On Sunday afternoon, the Jordanian authorities once more stoked the rumors of international involvement.

“An individual with links to foreign intelligence services” provided to assist Prince Hamzah’s spouse escape Jordan by non-public airplane, the international minister, Ayman Safadi, mentioned at a press briefing. An Israeli businessman dwelling in Europe, Roy Shaposhnik, later mentioned in a statement that he had been in contact with the prince, however that he by no means served in any intelligence company.

Over the weekend, totally different factions of the royal household made a sequence of claims and counterclaims.

First, Queen Noor, mom of Prince Hamzah — and stepmother to King Abdullah — got here to the prince’s protection.

“Praying that truth and justice will prevail for all the innocent victims of this wicked slander,” she wrote on Twitter. “God bless and keep them safe.”

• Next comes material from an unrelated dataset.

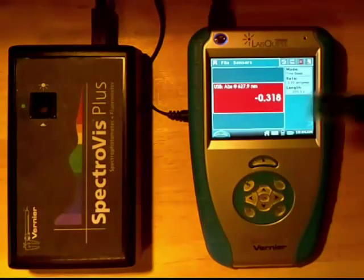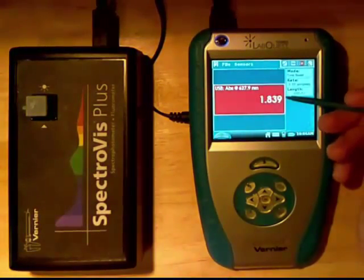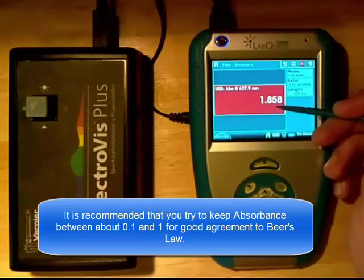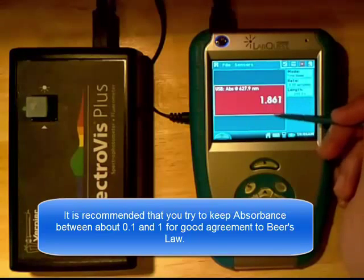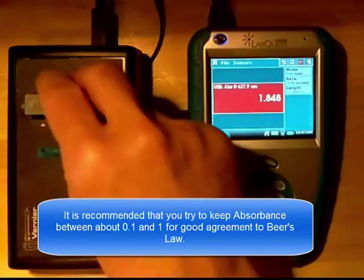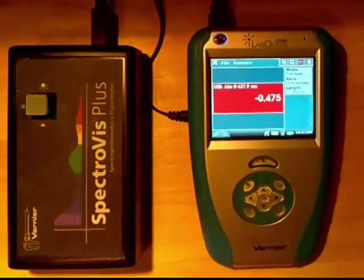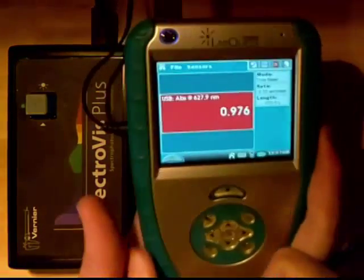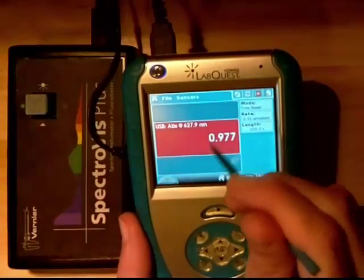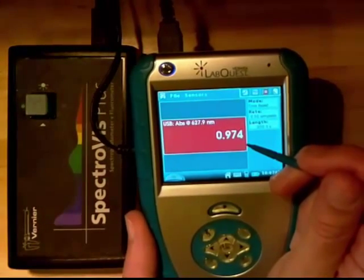Now I could take a higher concentration solution, and I would expect that solution to have a larger absorbance — and yes it does. Notice how this value of 1.8 is very high and is most likely outside of the linear region for a Beer-Lambert plot. Typically we want to keep our absorbance values below 1. So this color was pretty much at the limit. Notice how I never even had to press start or stop — this is just a dynamic screen displaying the absorbance at a particular wavelength, which you can jot down in your laboratory notebook.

Then got here the riposte from one other wing of the household.

The “seemingly blind ambition” of “Queen Noor & her sons” is “delusional, futile, unmerited,” tweeted Princess Firyal, an aunt by marriage to each the king and his half-brother.

Before deleting the tweet, she provided a phrase of recommendation: “Grow up Boys.”

Rana F. Sweis reported from Amman, and Adam Rasgon and Patrick Kingsley from Jerusalem.